At least four other California cities have signed agreements to work with Mortgage Resolution Partners, but none have taken the step of contacting bondholders about loan sales.
The lawsuit alleges that the proposed use of eminent domain is unconstitutional because it benefits a small group of Richmond citizens at the expense of out-of-state investors, violating the law on interstate commerce. The lawsuit also argues that loans aren't being seized for a valid public purpose—a key criterion for a city that invokes eminent domain.
"Mortgage Resolution Partners has led the city of Richmond into an unprecedented use of eminent domain seizure that is unconstitutional, harmful to homeowners and taxpayers, and unfair to millions of individual savers and investors," said John Ertman, a partner at Ropes & Gray in New York.
An MRP representative said it was confident its proposal is "entirely within the law." "No investor in any trust will be made worse off by the sale of any loan," said a company spokesman.
Richmond officials said Wednesday they didn't have an immediate response to the lawsuit.
Eminent domain allows a government to acquire property by force that is then reused in a way considered good for the public—new housing or roads. Property owners are entitled to compensation, often determined by a court. Instead of acquiring houses, Richmond would buy the mortgages.
Legal advocates of the eminent-domain plan have said that constitutional challenges aren't likely to hold up in court. The loan strategy wouldn't burden interstate commerce "because it doesn't prevent credit from flowing in any particular way," said Robert Hockett, a Cornell University law professor who advocates for using eminent domain to seize underwater mortgages.
"This is a bluff," said Mr. Hockett. "It's meant to scare city officials into saying, 'Oh, who are we to argue with the big guns.' "
Supporters say their plan would help not only specific homeowners but also the broader community by reducing foreclosures that are hurting property values and eroding the tax base. "It's the responsibility of banks to fix this, and they haven't, so we're taking it into our hands," Richmond Mayor Gayle McLaughlin said in a call with reporters last week.
Of the loans that Richmond wants to buy, more than two-thirds, or 444, are current on their payments. Investors say that seizing loans that are current on their payments from mortgage-bond trusts would significantly degrade the value of those investments. They say if the plan moves ahead lenders will require significant down payments or higher rates in communities where the threat of loan-seizures exists—much the way a sovereign-debt default can raise borrowing costs for a country.
Ms.
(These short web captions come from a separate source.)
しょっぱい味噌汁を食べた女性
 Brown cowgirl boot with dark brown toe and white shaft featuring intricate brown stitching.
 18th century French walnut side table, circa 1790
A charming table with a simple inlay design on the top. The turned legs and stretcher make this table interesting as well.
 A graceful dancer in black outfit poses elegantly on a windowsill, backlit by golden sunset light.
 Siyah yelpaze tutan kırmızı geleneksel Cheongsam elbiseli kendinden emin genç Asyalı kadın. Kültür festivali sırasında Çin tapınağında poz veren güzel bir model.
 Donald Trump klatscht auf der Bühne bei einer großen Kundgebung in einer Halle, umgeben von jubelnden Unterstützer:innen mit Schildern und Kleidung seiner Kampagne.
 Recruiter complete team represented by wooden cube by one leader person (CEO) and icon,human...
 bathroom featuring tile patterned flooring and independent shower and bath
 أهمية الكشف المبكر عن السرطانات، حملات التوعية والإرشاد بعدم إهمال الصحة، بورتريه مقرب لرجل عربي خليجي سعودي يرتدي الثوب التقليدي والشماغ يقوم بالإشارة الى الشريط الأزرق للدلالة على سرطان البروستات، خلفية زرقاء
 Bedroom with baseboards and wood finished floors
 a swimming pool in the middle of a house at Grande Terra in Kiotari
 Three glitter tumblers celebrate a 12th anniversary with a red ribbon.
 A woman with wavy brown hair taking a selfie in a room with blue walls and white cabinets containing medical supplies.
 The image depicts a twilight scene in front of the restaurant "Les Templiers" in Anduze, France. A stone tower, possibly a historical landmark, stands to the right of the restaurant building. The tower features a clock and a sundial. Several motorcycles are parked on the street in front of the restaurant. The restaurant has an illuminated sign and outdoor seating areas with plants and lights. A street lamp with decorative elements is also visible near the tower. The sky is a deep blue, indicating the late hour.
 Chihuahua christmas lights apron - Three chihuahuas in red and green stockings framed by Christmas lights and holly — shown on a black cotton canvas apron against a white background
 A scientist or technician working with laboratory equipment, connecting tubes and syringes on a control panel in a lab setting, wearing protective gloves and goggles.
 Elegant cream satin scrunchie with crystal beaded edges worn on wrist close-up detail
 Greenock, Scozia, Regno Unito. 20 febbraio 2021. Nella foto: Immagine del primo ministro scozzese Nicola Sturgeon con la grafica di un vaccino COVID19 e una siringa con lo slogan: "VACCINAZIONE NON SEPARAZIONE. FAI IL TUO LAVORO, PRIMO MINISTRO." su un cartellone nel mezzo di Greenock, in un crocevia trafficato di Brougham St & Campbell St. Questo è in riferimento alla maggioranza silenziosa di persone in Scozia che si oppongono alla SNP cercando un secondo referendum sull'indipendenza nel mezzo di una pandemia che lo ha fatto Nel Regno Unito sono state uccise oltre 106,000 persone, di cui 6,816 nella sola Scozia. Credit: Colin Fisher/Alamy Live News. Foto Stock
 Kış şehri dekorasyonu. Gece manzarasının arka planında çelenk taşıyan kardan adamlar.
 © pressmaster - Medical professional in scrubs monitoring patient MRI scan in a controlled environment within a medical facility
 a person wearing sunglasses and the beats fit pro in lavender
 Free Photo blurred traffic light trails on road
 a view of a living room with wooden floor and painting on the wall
McLaughlin said threats by banks to raise the costs or change the terms of mortgages to borrowers in her city would amount to "redlining"—a term used for an allegation that banks have at times refused to lend money to certain communities where minorities live.
"It's not redlining," said Scott Simon, who retired in May as a managing director at Pimco. "If you were a lender, would you lend in an area that could literally say, 'Oh, I know you lent someone $100, but we are going to say you only get $50'?"
Investors also say they're worried that the seizures only make economic sense for a city if local officials are able to buy loans at big discounts. "You cannot invest where your money is going to be expropriated—that's a key tenet of investing," said Jonathan Lieberman, head of residential mortgage investing at Angelo Gordon & Co., an investment adviser. The firm is considering whether to join the lawsuit.
The Richmond plan would work like this: for a home with an existing $300,000 mortgage that now has a market value of $150,000, Richmond might argue the loan is worth only $120,000. If a judge agreed, the city's private financiers would fund the seizure of the loan, paying the current loan investors that reduced amount.
Then, they could offer to help the homeowner refinance into a new $145,000, 30-year mortgage backed by a government agency. That would leave $25,000 in profit, minus the origination costs, to be divided between the city, Mortgage Resolution Partners and its investors.
The proposal was set back earlier this year when officials in San Bernardino, Calif., voted against taking up the proposal after several months of hearings. But labor unions and community activists have helped galvanize support in a handful of new cities.